At work, Lee still remained the best programmer. At the end of the summer of 2014, he started a project that earned Cloudflare the first portion of its Internet fame: the company began encrypting sites for free (while encryption of company sites is not standard).

Lee agreed to write the necessary software by the end of September. As the deadline approached, Prince molested Lee with questions, but he only waved away. Then, on the eve of the planned release of the new system, he pulled the hood deeper on his head, put on his headphones and sat down to type the code.

It was Sunday, but the office was full of people waiting for someone to announce the release of the program, someone for delivery of food and coffee. However, the main event was Lee's workflow. “And he sits, prints and prints, and no one, I think, would dare to distract him,” says John Graham-Cumming, who worked as a programmer then, and today as Cloudflare’s CTO. "The hood on his head, he's in the stream, he's practically doing something like neurosurgery."

Then, late in the evening, Lee got up. He announced that he had finished work and left. “It happened like this: live-live-live-click, click-to-click, I'm done!” - says Graham-Cumming.

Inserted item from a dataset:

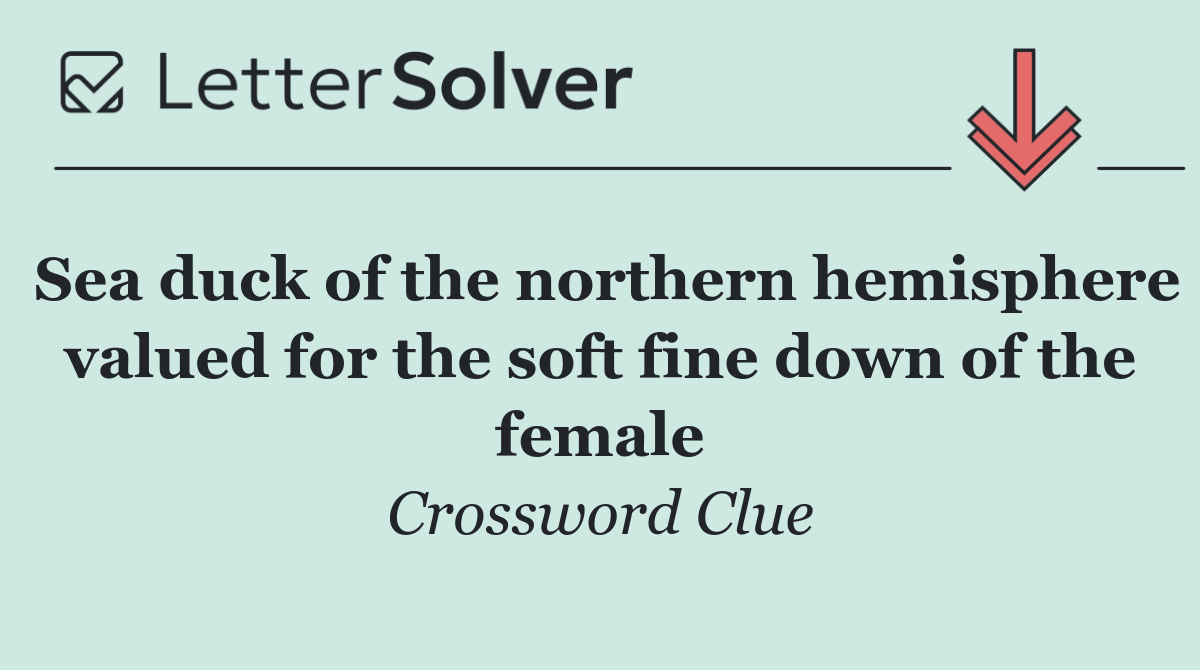 Sea duck of the northern hemisphere valued for the soft fine down of the female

Other engineers immediately began to critically analyze his code. By morning, the process of catching bugs was complete. Gambit worked, and all current customers of the company suddenly turned on encryption. It was a moment of pride. Graham Cumming says: “The size of encrypted internet doubled in a night.”


Lee and his wife, Christine Holloway, on vacation in Rome in 2014. A few hours after this shot, he proposed to her.

In preparation for the wedding, Lee decided to deal with his long-ignored health problem. Lee had congenital heart disease, aortic valve insufficiency, and some doctors thought it was one of the causes of headaches. “You could hear this defect if you put your ear to his chest,” says Christine. “We called it a champing heart.” Doctors divided the severity of the disease, but in January 2015, a Stanford surgeon insisted on immediate surgery. Lee underwent a six-hour procedure. Lying in a hospital bed, he recorded a video for his son: “I love you! I’ll see you soon, and I will have a new heart! ” He smiled and waved at the end of the recording.

Today, Christine considers this operation a turn for the worse. Lee’s heart strengthened, but his mind never recovered. He was constantly sleeping. He took leave from work for the duration of the operation, but then extended it for a month, then another one, and returned to the office only at the end of spring.

In June, they married in Hawaii, in the presence of a whole crowd of friends and relatives. Christine noticed his depression - as if someone had washed away all the colors from his personality. Prince also noticed this, but attributed everything to a slow recovery after surgery.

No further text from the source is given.